| Data supplied |
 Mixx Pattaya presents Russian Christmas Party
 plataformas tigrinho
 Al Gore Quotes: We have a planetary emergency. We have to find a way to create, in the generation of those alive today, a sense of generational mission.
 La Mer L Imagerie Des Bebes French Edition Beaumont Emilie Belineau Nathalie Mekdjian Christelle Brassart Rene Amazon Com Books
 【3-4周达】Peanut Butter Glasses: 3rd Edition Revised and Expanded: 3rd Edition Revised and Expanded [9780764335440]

| Assigned task |
Please transcribe all of the entries precisely.

| Written solution |
 Mixx Pattaya presents Russian Christmas Party
 plataformas tigrinho
 Al Gore Quotes: We have a planetary emergency. We have to find a way to create, in the generation of those alive today, a sense of generational mission.
 La Mer L Imagerie Des Bebes French Edition Beaumont Emilie Belineau Nathalie Mekdjian Christelle Brassart Rene Amazon Com Books
 【3-4周达】Peanut Butter Glasses: 3rd Edition Revised and Expanded: 3rd Edition Revised and Expanded [9780764335440]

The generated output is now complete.